If you choose to use a source code control system (and I can't recommend it highly enough), discipline yourself to always* check in code after each revision, so that you can undo each step. If you have multiple people hacking especially from different accounts on the machine), you can take advantage of the fact that RCS and SCCS will "lock" revisions so that only the person who checked it out can modify it and check it back in, preventing two people from making inconsistent changes. Or use CVS or prcs, which allow (and expect) multiple people to change things at once, and try to help deal with possibly conflicting changes.

If you can't decide what software to use, CVS has a very large userbase who can probably be helpful, but prcs has the PennMUSH devteam who can advise you. Your call.

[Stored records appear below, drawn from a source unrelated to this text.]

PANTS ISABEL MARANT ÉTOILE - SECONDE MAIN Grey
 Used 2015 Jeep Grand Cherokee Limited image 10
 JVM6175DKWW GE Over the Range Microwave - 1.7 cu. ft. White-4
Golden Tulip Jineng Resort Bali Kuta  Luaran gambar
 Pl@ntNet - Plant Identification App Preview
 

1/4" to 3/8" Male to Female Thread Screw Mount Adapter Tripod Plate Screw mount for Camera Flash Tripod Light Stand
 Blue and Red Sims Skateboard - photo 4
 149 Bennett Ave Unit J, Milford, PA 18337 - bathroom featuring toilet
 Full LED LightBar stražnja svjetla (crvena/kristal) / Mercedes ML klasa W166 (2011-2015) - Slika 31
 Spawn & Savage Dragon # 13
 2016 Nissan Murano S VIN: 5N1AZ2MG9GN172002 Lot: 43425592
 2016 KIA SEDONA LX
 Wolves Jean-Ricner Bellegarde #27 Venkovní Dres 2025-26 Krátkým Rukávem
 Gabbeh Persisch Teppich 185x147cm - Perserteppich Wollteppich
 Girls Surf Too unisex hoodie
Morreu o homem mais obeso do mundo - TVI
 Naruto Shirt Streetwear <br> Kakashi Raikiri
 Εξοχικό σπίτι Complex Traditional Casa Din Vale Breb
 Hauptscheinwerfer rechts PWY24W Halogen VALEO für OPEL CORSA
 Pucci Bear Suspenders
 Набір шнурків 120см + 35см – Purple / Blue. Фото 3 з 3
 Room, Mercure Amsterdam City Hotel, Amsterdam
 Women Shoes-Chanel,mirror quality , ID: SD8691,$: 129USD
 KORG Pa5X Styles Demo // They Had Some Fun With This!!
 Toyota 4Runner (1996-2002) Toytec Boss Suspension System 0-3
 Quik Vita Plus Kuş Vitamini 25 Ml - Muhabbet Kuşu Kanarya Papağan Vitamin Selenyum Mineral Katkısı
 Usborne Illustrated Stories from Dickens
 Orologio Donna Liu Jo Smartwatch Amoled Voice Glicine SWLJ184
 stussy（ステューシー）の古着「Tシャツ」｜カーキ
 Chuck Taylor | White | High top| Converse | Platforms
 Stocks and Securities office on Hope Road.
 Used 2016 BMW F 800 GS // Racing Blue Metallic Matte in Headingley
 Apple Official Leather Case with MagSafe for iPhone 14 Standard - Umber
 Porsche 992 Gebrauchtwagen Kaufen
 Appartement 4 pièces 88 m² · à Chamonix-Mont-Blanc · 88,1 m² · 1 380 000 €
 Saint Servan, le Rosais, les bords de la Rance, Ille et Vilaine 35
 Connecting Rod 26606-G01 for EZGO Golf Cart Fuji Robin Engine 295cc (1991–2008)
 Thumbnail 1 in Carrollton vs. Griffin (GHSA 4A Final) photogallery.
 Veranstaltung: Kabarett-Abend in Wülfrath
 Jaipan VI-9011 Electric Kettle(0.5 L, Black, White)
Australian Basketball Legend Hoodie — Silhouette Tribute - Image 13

When you get your first pennmush distribution, check in the entire source directory. With prcs, that's:

prcs checkout pennmush
prcs populate
prcs checkin

If you make some changes and then want to produce a diff of your changes:

prcs diff > patchfile

makes a diff from the last checked-in revision to the curren
version of the project. If you read the man page for prcs, you'll see that it can also make diffs between checked-in revisions, for single files, etc.

prcs supports the notion of multiple branches. You can store a branch that tracks the distributed PennMUSH source code, and a second branch that tracks your locally hacked code. You can then produce diffs between them at any time using prcs diff, or merge changes to the dist into your local code using prcs merge. See the man page for details.

#ifdef and #define

#ifdef and #define javelin Tue, 2003-01-28 23:56

You can save yourself a lot of hassle if you're careful in how you hack the PennMUSH code. When you decide to add new code, or change old code, add an #define into options.h which will turn your code change on or off. For example, if you're adding a new feature to change the WHO format, put something like this into options.h:

/* If defined, the WHO commands will use a new format */
#define NEWWHO

Then, surround your additions with #ifdef NEWWHO...#endif pairs. For changes, use #ifdef NEWWHO...#else...#endif. For deletions from the original code, use #ifndef NEWWHO...#endif around the code to delete:

#ifdef NEWWHO
  this is code that you've added
#endif
...
#ifdef NEWWHO
  this is code you've changed
#else
  this is the original code
#endif
...
#ifndef NEWWHO
  this is original code you want deleted
#endif

This allows you to preserve the original PennMUSH coding, should you ever need to refer back to it (if, for example, you're trying to apply someone else's patch to something you've already changed), and allows you to turn on and off your feature as necessary.